Day 82: Running the Race


One of my favorite movies is Chariots of Fire, which focuses on the life and race of Eric Liddell, 400 meter Olympic gold medalist and missionary who saw running as a way to glorify God. He held his convictions, lived out his faith until the end, while feeling God’s pleasure through running. He is known for these words, “I believe God made me for a purpose, but he made me fast. When I run, I feel God’s pleasure.”

This story was such an encouraging and inspiring lesson for me, not only because I have a passion for this great sport, but also because of how Liddell held his convictions and honored God in his running. This was someone who felt that God blessed him with the ability to run and trained hard for 3 years when he made it to the Olympics. While boarding the boat to Paris, he discovered that the heat (preliminary competition) was going to be held on a Sunday. He felt that he would not be honoring God by participating, so he refused to run. He was mocked, ridiculed by his friends, his country and nearly cost them a gold medal, but he held on to his convictions to honor God.

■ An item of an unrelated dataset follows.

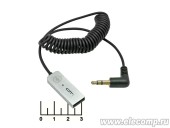 Bluetooth стерео ресивер 5.0 3.5мм Jack + USB витой OT-PCB15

One evening when our 5k challenge came in for class, I passed out a scripture from 1 Samuel 2:30. This same scripture was shared with Liddell by a teammate at the start of the 400 meter race. It read:

“Those who honor me, I will honor.”

This is one of God’s promises in His word. This was a race that Liddell wasn’t prepared nor qualified for, but when his teammate Lord Andrew Lindsay gave up his spot, Liddell saw another opportunity to run for God’s glory. Liddell held on to God’s promise tightly and ran to the finish.

We may seem like we are not prepared nor qualified to race, but God has promised us that if we honor Him, He will honor us. If we choose to glorify Him in our running, walking, training and in our race, He will honor us. Because Liddell honored God, he ran the race and received the world record of 47.6 seconds and the gold medal.

Liddell’s story didn’t end at the finish line. After the Olympics, he returned to China to continue his work as a missionary. Not long after, Japan invaded China and Liddell was sent to a prison camp with 1800 others. This didn’t stop Liddell from sharing the gospel of Christ. He continued to tell others about Jesus, taught children and organized sports. He had an opportunity to leave, but gave up his spot for a pregnant woman. What an example of a true sacrifice. His life appeared to end on a sad note, but because of his relationship with Jesus, his death was a victory.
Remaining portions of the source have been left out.